(Caption-style text data)
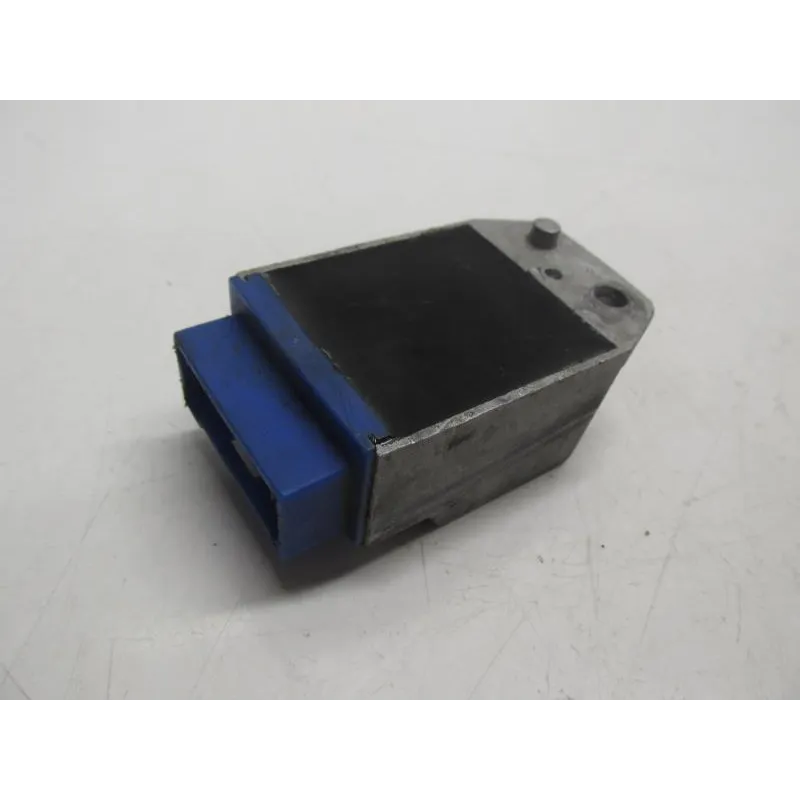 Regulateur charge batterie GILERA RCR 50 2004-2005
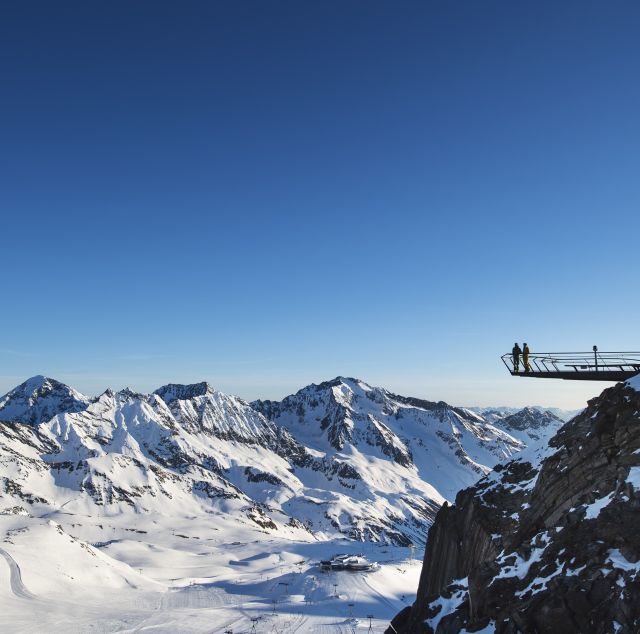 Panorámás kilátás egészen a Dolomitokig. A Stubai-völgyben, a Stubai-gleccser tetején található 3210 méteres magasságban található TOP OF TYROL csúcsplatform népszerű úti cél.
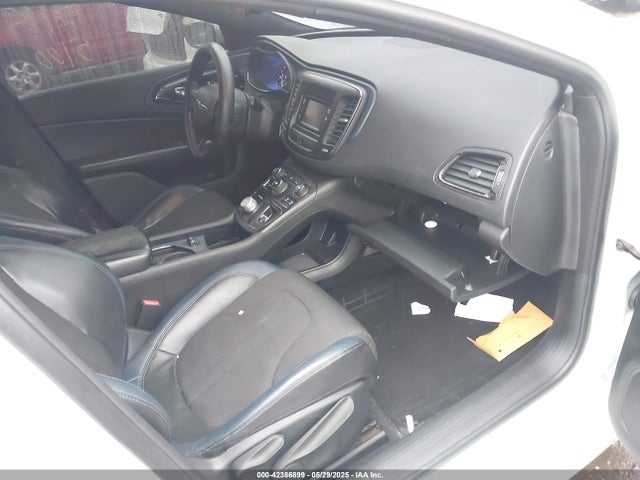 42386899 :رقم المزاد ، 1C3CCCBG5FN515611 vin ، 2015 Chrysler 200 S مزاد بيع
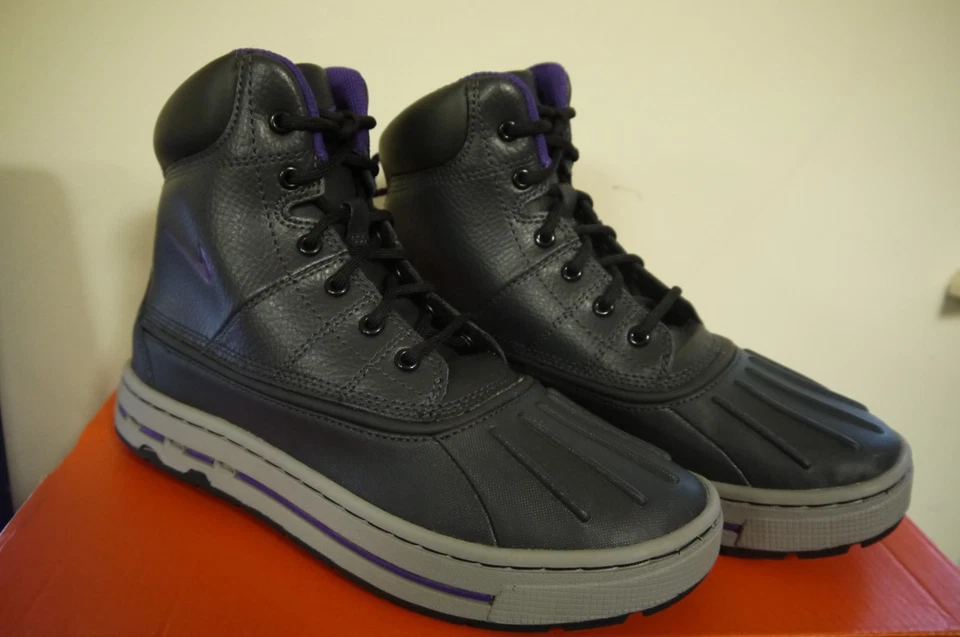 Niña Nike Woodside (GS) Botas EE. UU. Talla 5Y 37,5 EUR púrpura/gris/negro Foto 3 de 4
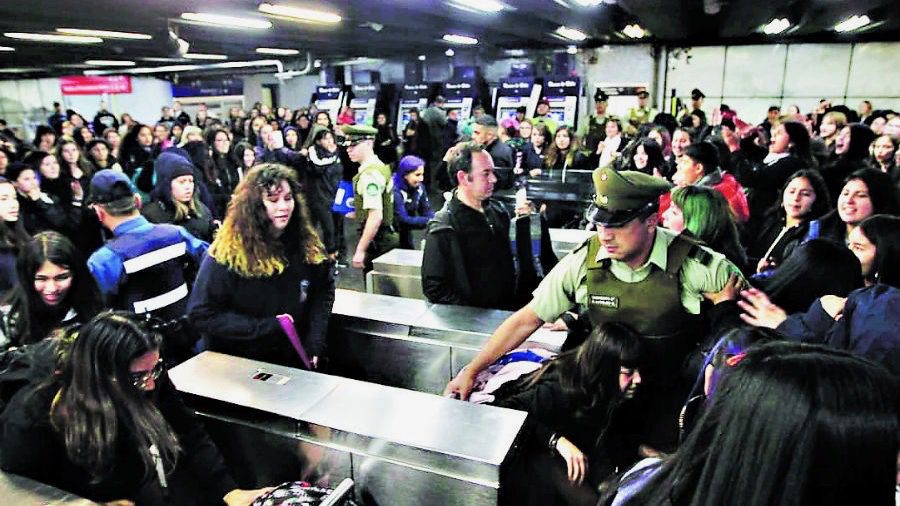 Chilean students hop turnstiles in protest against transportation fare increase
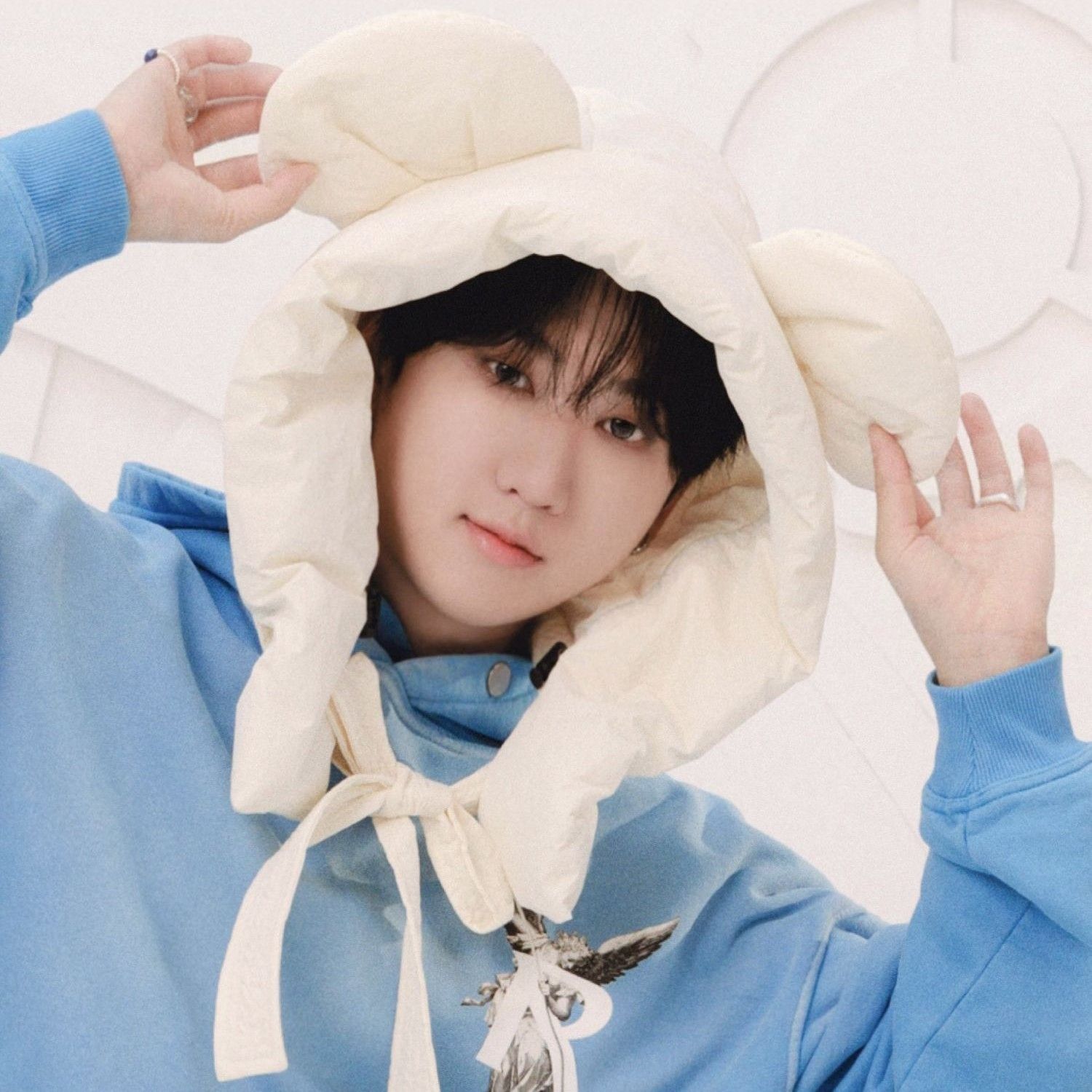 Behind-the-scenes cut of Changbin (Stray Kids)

> [Prompt]
The answer must be an exact copy of the lines from the one containing "Panorámás kilátás egészen" through the last line of the records, with no pictures included.

> [Result of the exercise]
 Panorámás kilátás egészen a Dolomitokig. A Stubai-völgyben, a Stubai-gleccser tetején található 3210 méteres magasságban található TOP OF TYROL csúcsplatform népszerű úti cél.
 42386899 :رقم المزاد ، 1C3CCCBG5FN515611 vin ، 2015 Chrysler 200 S مزاد بيع
 Niña Nike Woodside (GS) Botas EE. UU. Talla 5Y 37,5 EUR púrpura/gris/negro Foto 3 de 4
 Chilean students hop turnstiles in protest against transportation fare increase
 Behind-the-scenes cut of Changbin (Stray Kids)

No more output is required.